The General Register Office, which runs census operations in Scotland, is considering (according to an article in the Edinburgh Evening News) about respondents' sexuality. They are planning to 'testbed' it by conducting a sample survey to see how it is received, before introducing it to the full census, the next one being due in 2011. There are, according to the Office for National Statistics (ONS), which runs such matters in England and Wales, has no plans to ask a similar question. The question will be optional in the Scottish version.
I'm not sure how I feel about being asked this question. I can see that it might be useful for planners to know and, in the light of anti-discrimination legislation which will soon (at last!) cover gays/lesbians/bisexuals, etc, this may be doubly so. Whilst the current 'official' attitude toward people who are not heterosexual is broadly supportive, or at least non-discriminatory (which is not the same thing!), this might not always be so. Things change. Imagine you are a Jew in Germany during the mid-1920s, a fairly non-religious Jew who is basically just another German to external appearances, and you are asked, perfectly innocently, for government planning purposes, to give information about religion/ethnicity. Fair enough. From 1933 onwards you might feel rather differently. Just look at what is going on in Europe (Austria, Germany and France, for example) at present, vis-a-vis Moslems generally and the possibility of Turkey joining the EU. Or in the wake of the murder of Theo van Gogh recently in the Netherlands. And not forgetting, of course, what is going on amongst our cousins in the US, a country that has traditionally had considerable influence on social developments in the UK, sometimes with a delay of twenty or so years.

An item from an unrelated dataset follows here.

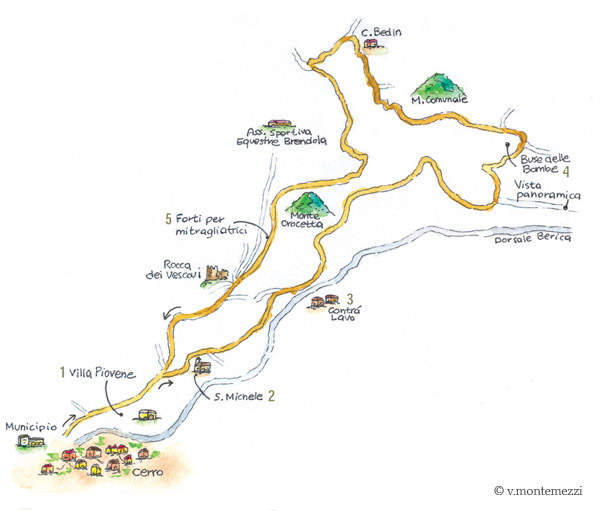 Mappa il sentiero della Grande Guerra a Brendola - Colli Berici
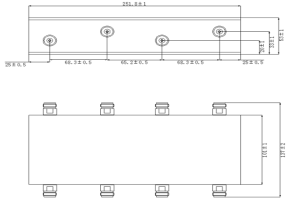 IP65 Low PIM 380–2700 MHz 4 x 4 Hybridkoppler JX-BC4X4-380M2700M-xxF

So whilst I broadly share the views of Tim Hopkins, of the National Equality Network, and of Stonewall, I also read with interest the comments attributed to Mike Parker, general secretary of the Evangelical Alliance in Scotland: "The advantage of this type of question might be that it will give a realistic picture of how many people have that type of lifestyle and it may show the figures are a lot less than people expect." - perhaps so, but so what? Will the authorities then decide that because there are fewer than it imagined, they can safely ride roughshod, as has tradtionally been the case, because this group is electorally insignificant? I can't see the likes of Mike Parker rushing to my defence!
On balance, therefore, whilst I support broadly the idea of an optional question of this nature, I am not going to become 'starry-eyed' about it; I'll observe carefully how things develop on the ground.